— INSTRUCTIONS TO FOLLOW —
Emit the data below verbatim, stripping out any pictures.

— DATASET SECTION —

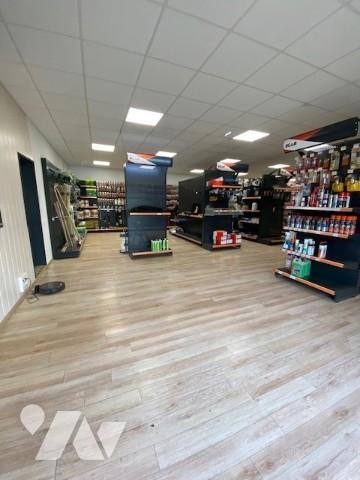 Local à usage professionnel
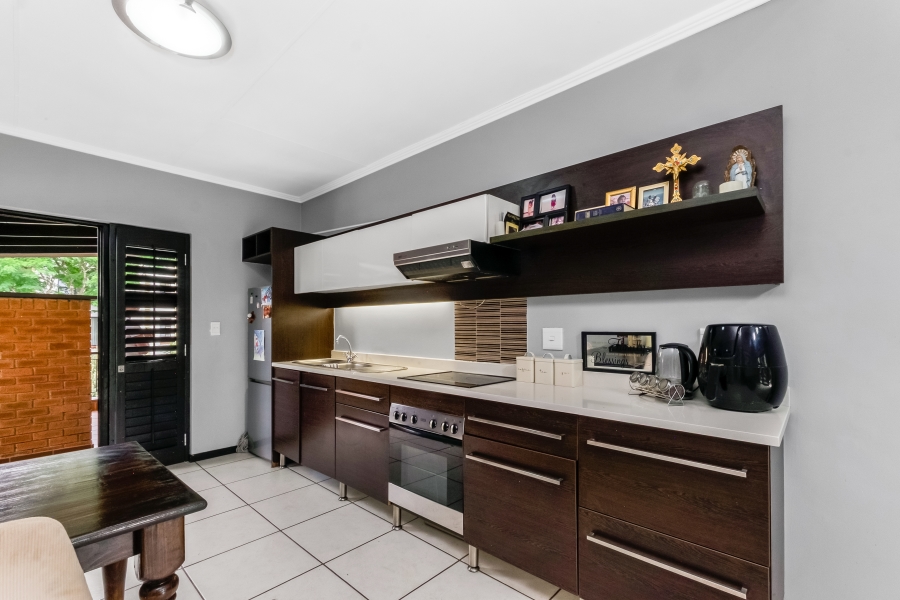 To Let 2 Bedroom Property for Rent in Douglasdale Gauteng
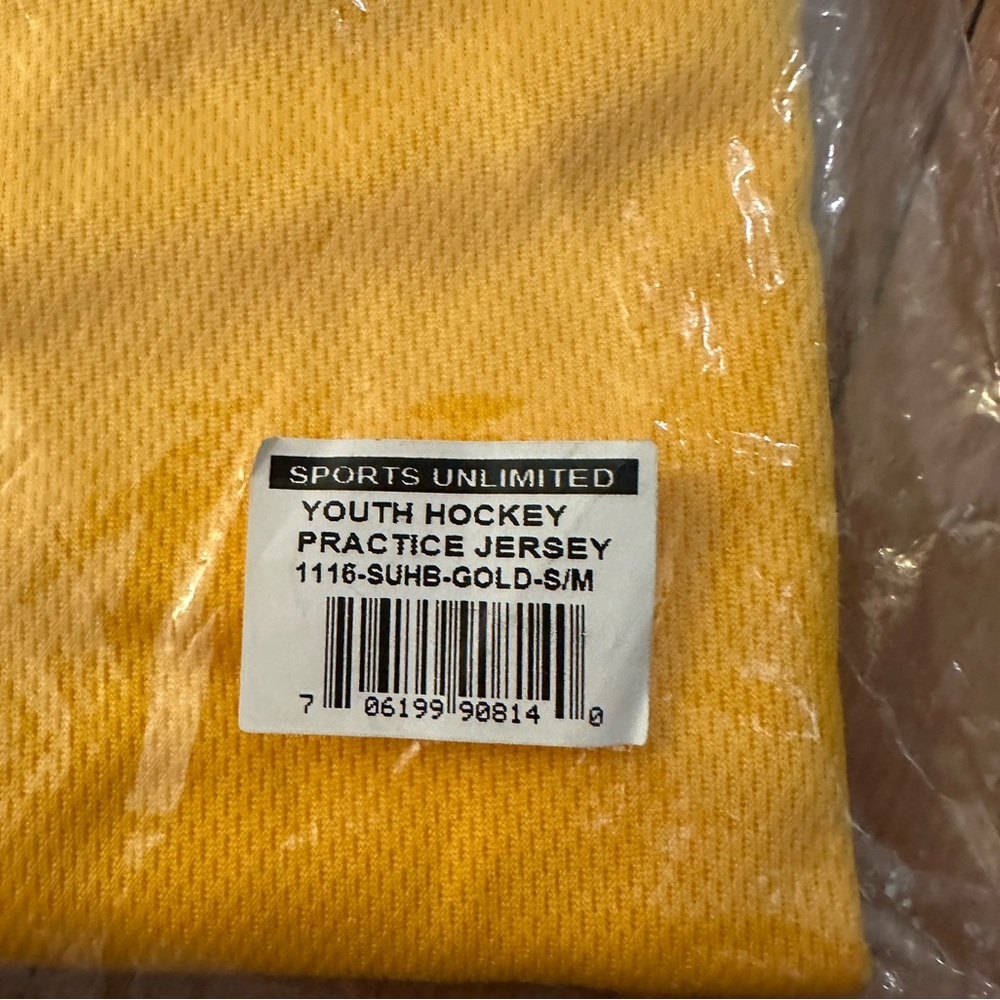 Youth Hockey Jersey - NWT, Gold, Size S/M youth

— EXERCISE RESULT —
 Local à usage professionnel
 To Let 2 Bedroom Property for Rent in Douglasdale Gauteng
 Youth Hockey Jersey - NWT, Gold, Size S/M youth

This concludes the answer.